Independent report shows that asylum applications are not being managed effectively
The Independent Chief Inspector of Borders and Immigration, David Bolt, issued a report on the effectiveness and handling of asylum claims by Home office
The report states that this inspection is important as every decision is “life changing”.
The inspection focused on four areas, namely registering an asylum claim, the decision making process, decision quality and progress of implementing recommendation from previous inspections.
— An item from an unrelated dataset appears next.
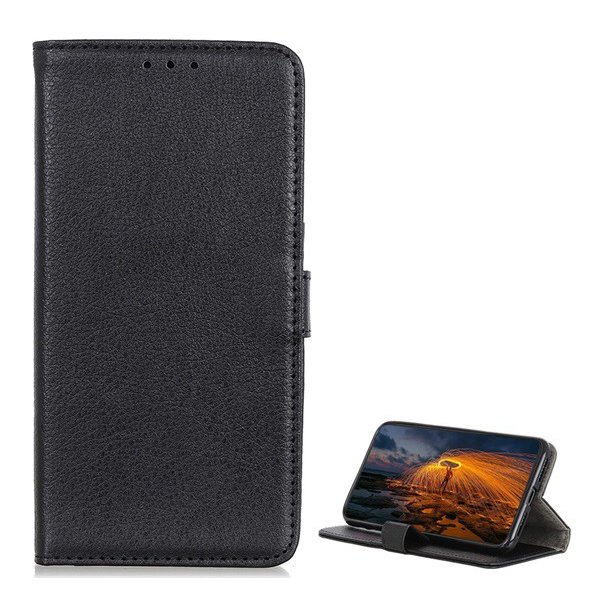 Tok álló, bőr hatású (FLIP, oldalra nyíló, asztali tartó funkció, prémium) FEKETE [Samsung Galaxy A21s (SM-A217F)] (5996457982264)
The report also mentions about the Next Generation Casework Project:
“During 2016-17, AIC senior managers had recognised the need for remedial action to reduce the size of the ‘Initial Decision WiP’, and a plan (the Next Generation Casework project) was developed to recruit 140 new DMs for a period of 12 months to concentrate on the non-straightforward claims. The project was also intended to develop and test new ways of working.”
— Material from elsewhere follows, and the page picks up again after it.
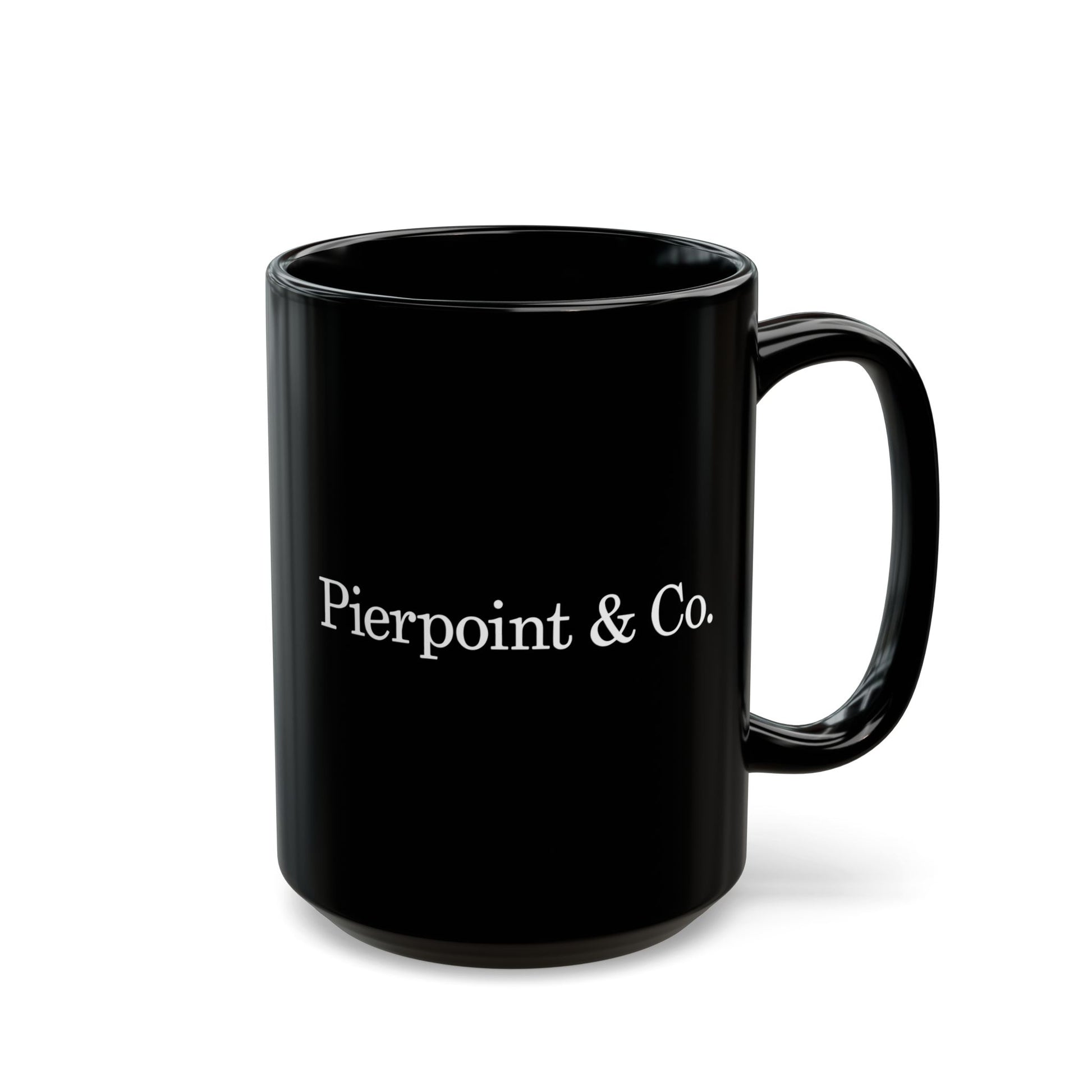 15 oz Black mug with 'Pierpoint & Co.' text on a white background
The report states that if this project succeeds it will dramatically improve the Home Office’s effectiveness and handling of asylum claims.
The Home Office struggles to keep on top of the applications it receives according to the independent Chief Inspector.
There was an increase in the number of claims awaiting a decision increased in the year ending 31 March 2017. However the number of claims made was lower by 5981 (19.7 %), than had been recorded previously.
The Home Office says that they plan to make improvements. However according to the Chief inspector these need to be accelerated otherwise it will add further problems to the existing situation.
Although the Home Office had hired more decision makers by March 2017, these decision makers did not feel adequately trained and had to rely on more experienced colleagues.
The Home Office’s own internal quality assurance process used in the 2016-2017, shows that 24% of the files assessed were below “satisfactory”. This seems to agree with the independent report as it appears that the Home Office is struggling.
The Independent Chief Inspector’s report, identified room for improvement in a third of the randomly selected cases and half of the selected cases had grammatical mistakes in them.
The report makes 7 recommendations, in order for the Home Office to improve their service.